Animateur : Alors dans les mythes, il y a tous les loups célèbres, on ne peut pas faire une série sur les loups sans évoquer la fameuse bête du Gévaudan...

Geneviève Carbone : Elle a fait couler beaucoup d'encre. Et elle en fera couler encore beaucoup parce qu'on a pas de solution pour cette bête du Gévaudan. Entre 1764 et 1767 on a 100 victimes qu'on attribue toutes à une bête. Et là le mystère commence parce que ça commence comme ça : une bête, et on ne saura jamais ce que c'est, et ça n'est jamais nommé. C'est la chose, la Bête, ça ne sera jamais le loup. Par contre des érudits, des journalistes vont venir et essayer d'identifier ce que c'est. Dès l'époque, il y a des gens qui tiennent des journaux, qui collectent des faits. Alors ça va être le diable, une hyène, un croisement monstrueux entre un ours et un singe, un homme, un sadique, déjà il y a des rumeurs qui courent. Tout ce qu'on a, ce sont ces quelques faits sur lesquels on a du mal à travailler parce qu’il nous manque des données essentielles : pas d'autopsies, des certitudes inébranlables dans ce sens que ce sont des loups donc on va traquer des loups. On va en tuer un certain nombre, un grand nombre, et un beau jour les attaques s'arrêtent durant 6 mois pour reprendre de plus belle, et on a une mise à mort d'une bête. Parce que là aussi il y a des descriptions un peu étonnantes : une bête qui aurait un collier de poils blancs, qui se serait arrêtée alors que la personne armait son fusil. Et on a une mise en scène de la disparition de la Bête, car après la deuxième mise à mort d'une deuxième bête, toute attaque cesse. Et depuis on n'arrête pas de polémiquer. D'après les comportements, d'après des blessures telles qu'il semble qu'on puisse les comprendre aujourd'hui, il semblerait que s'il y a eu un animal, si les loups ont effectivement mangé des cadavres, ils n’ont pas forcément été à l'origine de la totalité de ces agressions.
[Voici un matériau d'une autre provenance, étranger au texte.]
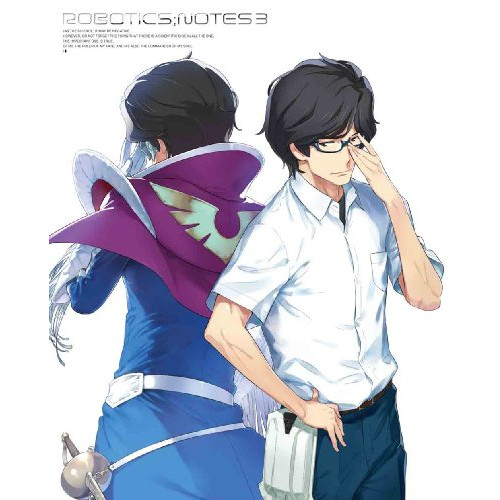 Blu-ray/TVアニメ/ROBOTICS;NOTES 3(Blu-ray) (Blu-ray+CD) (完全生産限定版) / ANZX-6185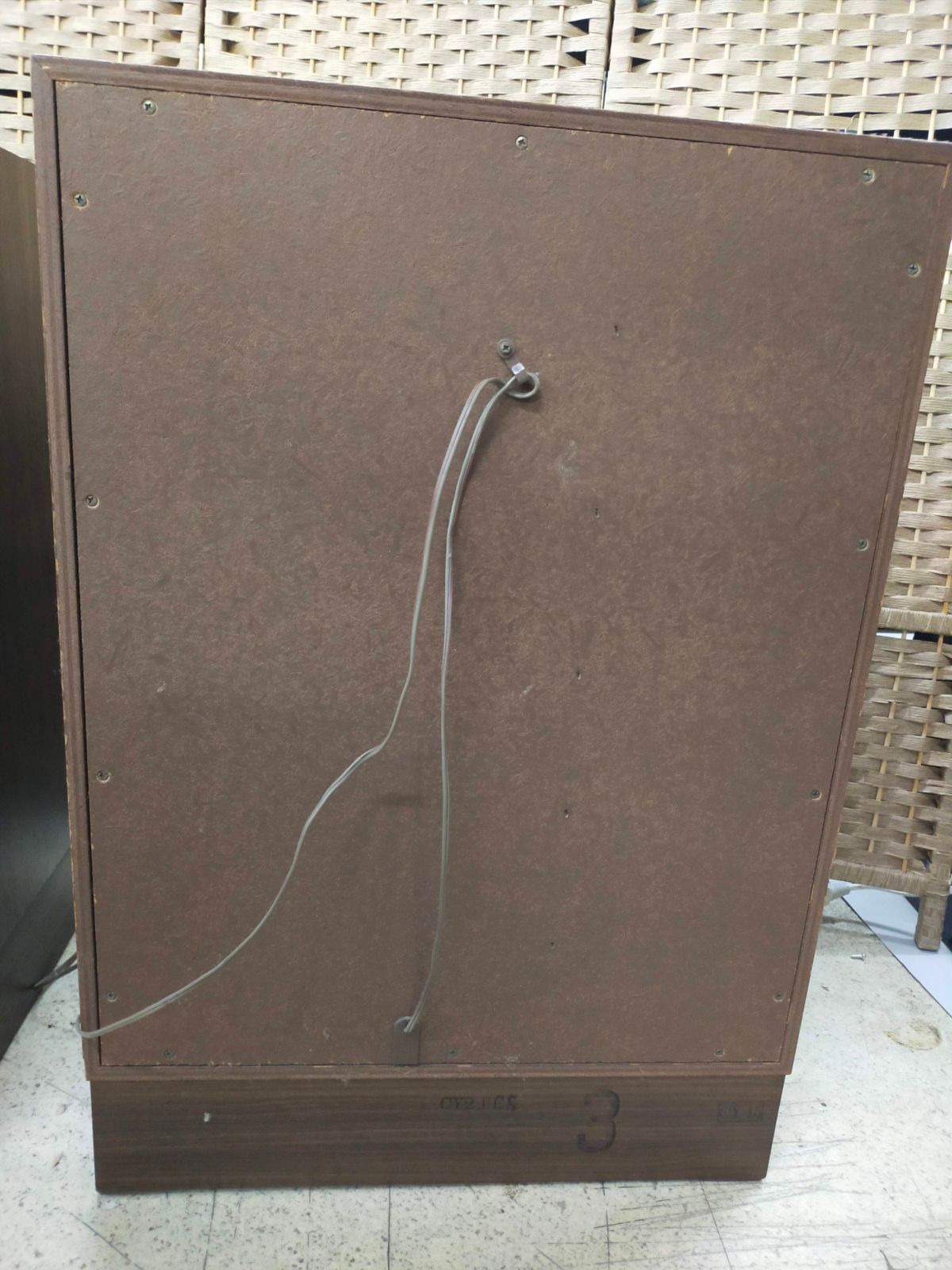 レコードプレーヤー付き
Actuellement, la thèse, la théorie qui fait le plus plaisir à tout le monde, c'est un homme accompagné d'une bête dressée, un de ces fameux chien de guerre qui à l'époque aurait fait beaucoup de dégâts. N'oublions pas quelle époque on était : dans une circonstance de confrontations importantes entre deux religions, entre les provinces et l'entité royale. Quand on creuse un peu, on s'aperçoit qu'on a construit le fait ; et dans les histoires de loups c'est ça qui est important : à chaque fois on bâtit quelque chose, on bâtit une théorie, on bâtit un édifice, et on va faire en sorte que tout ce qu'on trouve y rentre même si parfois ça n'a pas lieu d'être.